My husband is currently in the process of securing a job in Barcelona and we are researching places to live with our 2.5 year old daughter within an easily commutable distance. Any guidance or experience on this subject much appreciated as we are clueless!! We have primarily looked at Sitges but have heard the traffic is bad and it's expensive?? Help! )


----------



## jojo (Sep 20, 2007)

I've heard that Sitges is lovely, altho I dont live in that area so I cant really comment. I think we may have one or two posters who do tho!!? I think hteres a train service to Barca from Sitges and trains in Spain are a lot cheaper than the UK

The Barcelona area is expensive - comparable to London I believe, so I guess it depends on your husbands income and your expected lifestyle

Jo xxx


----------



## jojo (Sep 20, 2007)

I've heard that Sitges is lovely, altho I dont live in that area so I cant really comment. I think we may have one or two posters who do tho!!? I think theres a train service to Barca from Sitges and trains in Spain are a lot cheaper than the UK

The Barcelona area is expensive - comparable to London I believe, so I guess it depends on your husbands income and your expected lifestyle. What you really need to do is to go over there and have a good look around

Jo xxx


----------



## barca (Aug 18, 2011)

HayleyBryant said:


> My husband is currently in the process of securing a job in Barcelona and we are researching places to live with our 2.5 year old daughter within an easily commutable distance. Any guidance or experience on this subject much appreciated as we are clueless!! We have primarily looked at Sitges but have heard the traffic is bad and it's expensive?? Help! )

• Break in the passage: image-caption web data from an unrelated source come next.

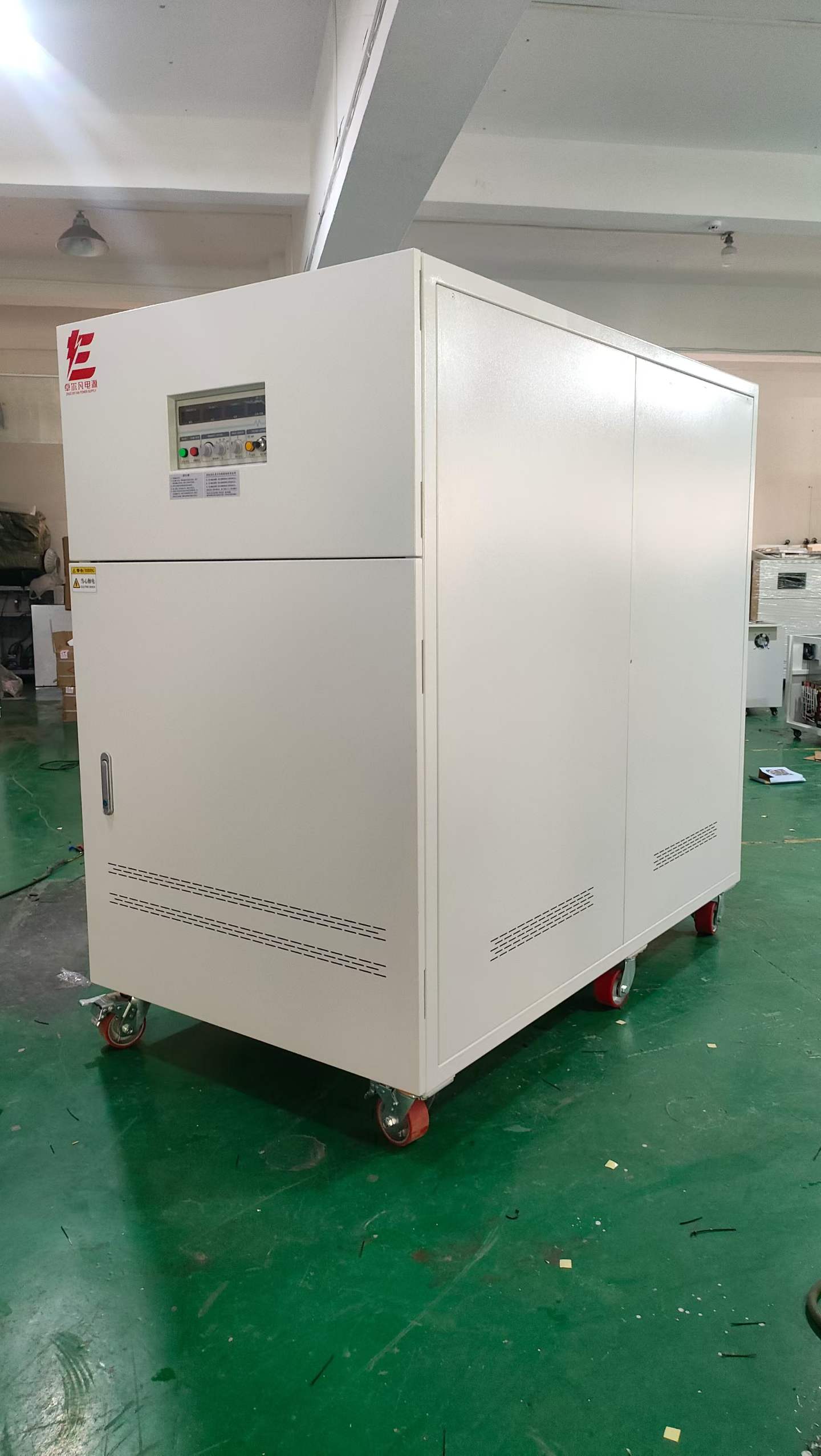 300kVA变频电源：实验室设备专用的“全能型可编程供电心脏”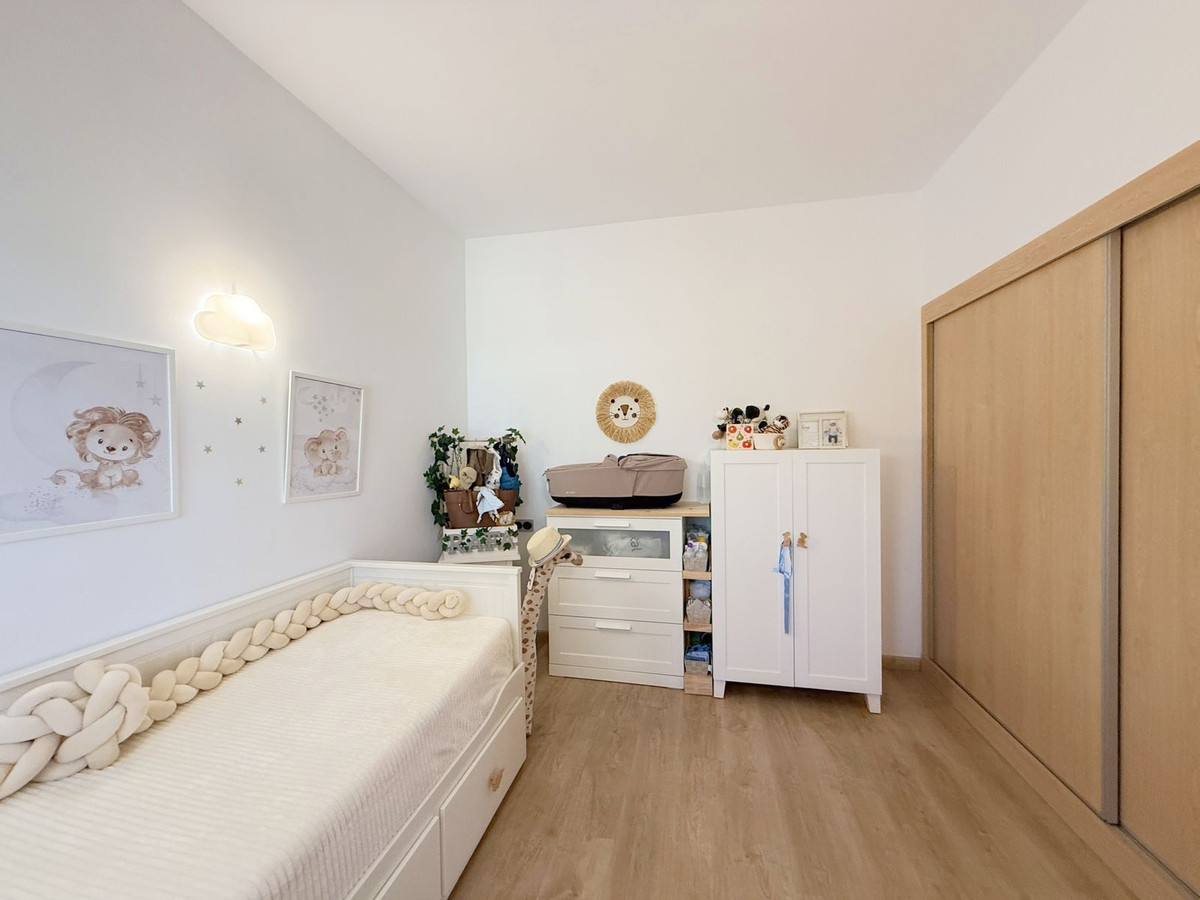 Huis te koop in Estepona | 3 slaapkamers H5324365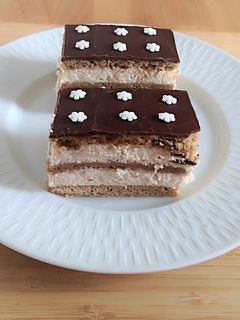 Mézes  gesztenyés szelet recept fotója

Hi, well where to start? People commute in from many different areas - many of which are nice. I think it's really going to depend on your budget and where in the city your husband will be working. 

Sitges is very nice but pricier than some other places as it's close to the city, popular with tourists and locals alike, and on the coast. Many commuters come in to Barcelona from Sitges by train not by car.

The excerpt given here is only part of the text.